When first releasing any online video, it is best to make it live (soft launch, push live, etc.) well before you expect the audience to want to watch it. Usually this means at least a few hours before. For web shows targeting North America as a main audience, put the episode up (publicly available and live where you want it to be) at a few minutes after midnight pacific time on the given release day. This accomplishes many things at once, including:
- This is 6 hours before East coast prime time begins (Weekdays 9am-5pm local time) allowing time for people and computers to react to the upload.
- If the video is incomplete, corrupted, or simply not the right video, there are 6 hours to trouble shoot or delete and re-upload before large numbers will begin to try watching the video.
- Titles, descriptions and tags do not always appear on the live site as originally written or intended; these can be checked and rewritten or fixed as needed.
- Many computer systems take time to encode, transcode and syndicate the content. Give them time to finish their work and have the video fully live and available on all platforms before the audience wants to watch.
- Search spiders and third party video search and syndication systems have automated components that need time to discover, process and make useful the information about the video that they discover. Since you can't know every system that may need time to react to your upload, give time for these unknowns to prepare so they can support your show. Make it live early to both give them a chance to respond and give yourself a chance to notice their reaction.
No two shows are the same and no single formula can address all the unique artistic and business needs, but in all cases: make sure the audience will be able to successfully watch the show how and where they want to before asking them to do so. This means send emails, publish blog posts, micro-blog (e.g., twitter), status update and make all forms of public requests for people to watch only after the video is fully functional and available.

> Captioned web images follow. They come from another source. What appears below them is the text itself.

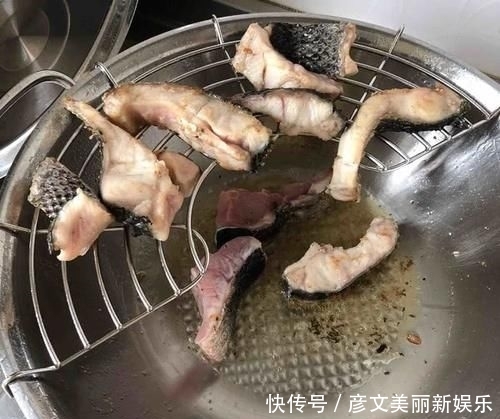 『黑鱼』天生的“捕鱼神器”,河里一扔,就能捕鱼,网友:太方便了吧!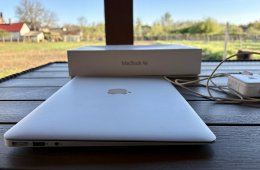 Macbook Air ( 2017 )
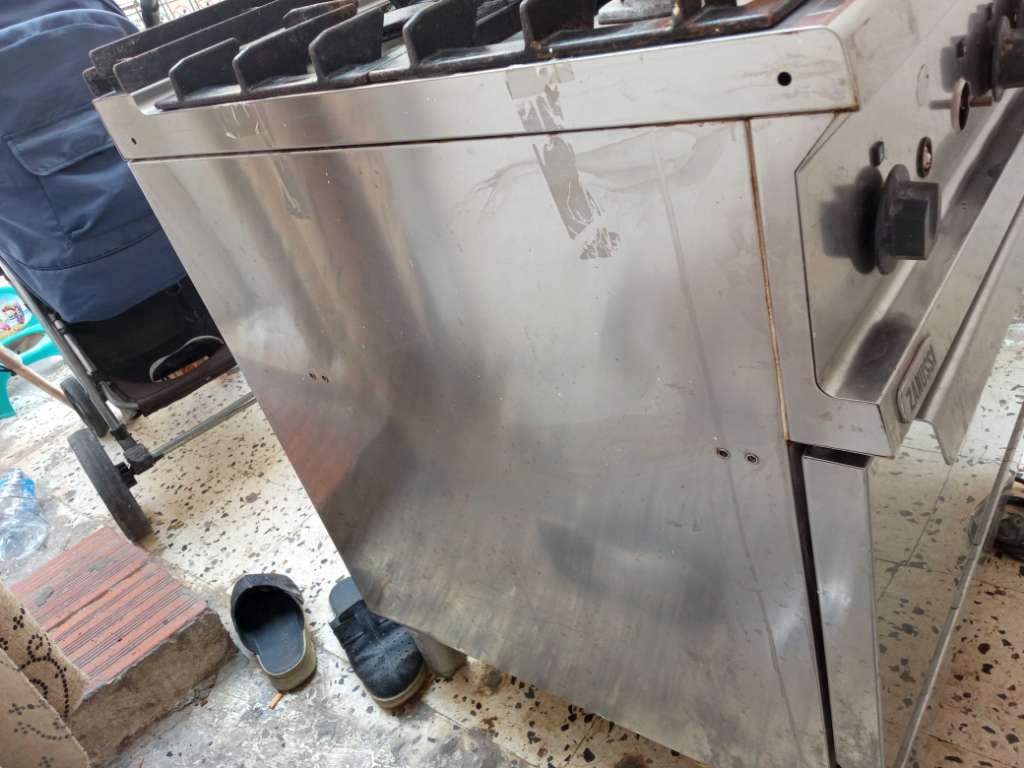 Cuisiniere professional zanussi inox vrai
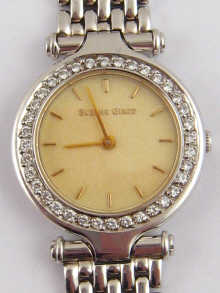 A 9 carat white gold lady s bracelet 14daa3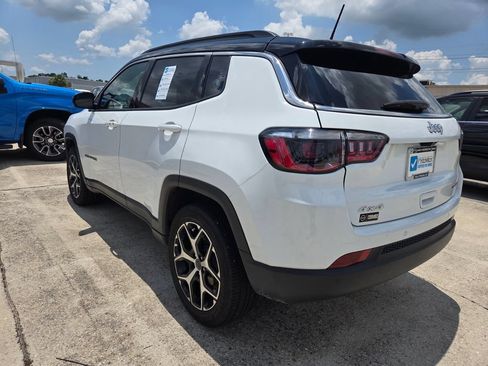 Used 2025 Jeep Compass Limited AWD/4WD image 3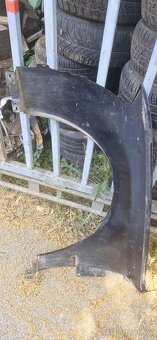 Pravy predni blatnik audi A8 4E D3 - 2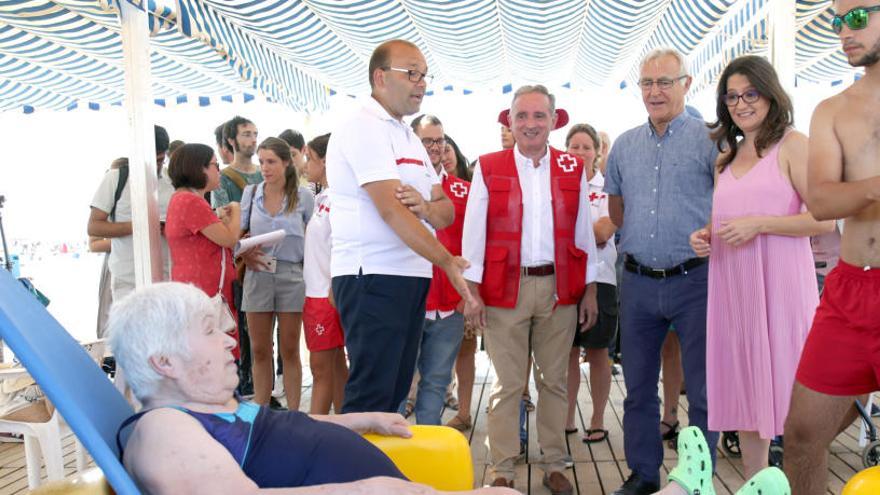 Ribó y Oltra durante su visita a la playa accesible del Cabanyal.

Failing to give adequate time can mean you send audience to watch and they can't. When the audience can't watch what they want where and when they want to, they will blame you (even if it isn't your fault). Simple timing can save some of the disappointment from ever happening.
For example, YouTube needs a non-trivial amount of time to make a video available on cell phones in addition to the time it takes to make it available on the website. If, as I witness many producers doing, you send an email asking people to view your video on YouTube only after the video is live on the website, iPhone users who click on the YouTube link in the email will get a disappointing message telling them the video is not yet available. Rarely will they then make a special effort to seek out the video later or on a computer. Sending the email too soon loses viewers and fans just because it was too soon.
There are many other factors impacting video release and announcement scheduling, but usually doing a soft launch (it's up and works) significantly before a hard launch (hey everybody, come watch!) solves many problems.
Related note: releasing an entire 'season' at once often makes better sense than spreading it out over weeks.